The grounds of defendants’ demurrers are: that the plaintiff has an adequate remedy at law; that plaintiff is not in possession of the premises and therefore cannot bring a suit for the removal of a cloud on title; that the instrument sought to be cancelled contains an option to purchase as well as a coal lease, and that the facts alleged in the bill do not vitiate the option; that there are conflicts between the pleadings and the lease contract; that the bills of complaint allege only breaches of covenants in the lease for which the plaintiff has an adequate remedy at law; that the bills of complaint with its exhibit show there is no forfeiture provision in the lease; that plaintiff is asking a court of equity to enforce a forfeiture, and that there are no breaches of the provisions of the lease for which equity would declare a forfeiture; and that the amended and supplemental bill pleads evidence instead of facts necessary to establish an equitable cause of action.

The decree of the Circuit Court in sustaining the demurrers of the defendants to the bill of complaint and the amended and supplemental bill of complaint has the practical effect, though not so specifically providing, of dismissing the bills and entering judgment for defendants without prejudice to plaintiff to sue at law. The question for determination by this Court now is whether or not the plaintiff has alleged facts sufficient for a court of equity to grant, in whole or in part, the relief sought by the plaintiff.

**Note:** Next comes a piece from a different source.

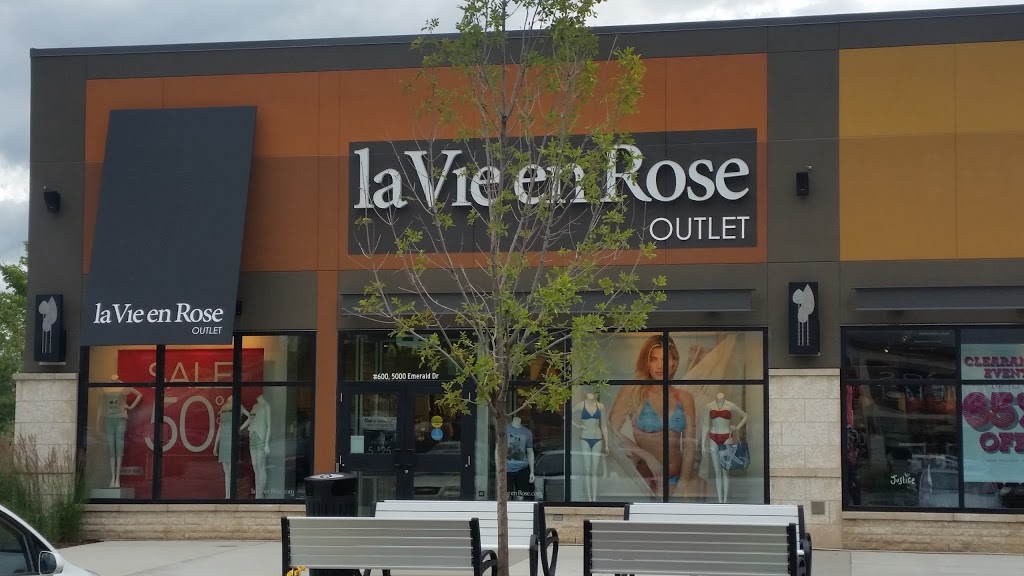 La Vie en Rose Emerald Hills Shopping Centre | 5000 Emerald Dr #600, Sherwood Park, AB T8H 0P5, Canada | Phone: (780) 449-3852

The plaintiff’s assignments of error to the Court’s decree sustaining the demurrers of defendants, treated collectively, and so far as they are necessary for a determination of the issues, are: (1) that equity will enforce a forfeiture of the lease, (2) that if the lease is forfeited, then the option given to lessee to purchase the property will also be forfeited, and (3) that the plaintiff does not have an adequate remedy at law. Of these in their order.

*601The several factual allegations in the hills of complaint upon which plaintiff bases his prayer for forfeiture of the lease and option are chiefly that the defendants have failed (1) to mine and remove the coal that could have been profitably mined and removed, (2) to install necessary equipment to mine and sell custom coal, and (3) to provide equipment facilities for the individuals employed by defendants engaged in the mining operations to mine the coal; and further, (4) that the mine has been closed by the State Mine Inspector on account of defendants’ violation of the mining laws in some sixteen ways, (5) that the total royalty reported to plaintiff by defendants for the whole period the lease had been in effect was only $244.94, and (6) that defendant lessee had assigned the lease to the individual defendant herein who at the time of the assignment knew of the alleged violations of the terms of the lease, and who previously had attempted to purchase the property embraced in the lease.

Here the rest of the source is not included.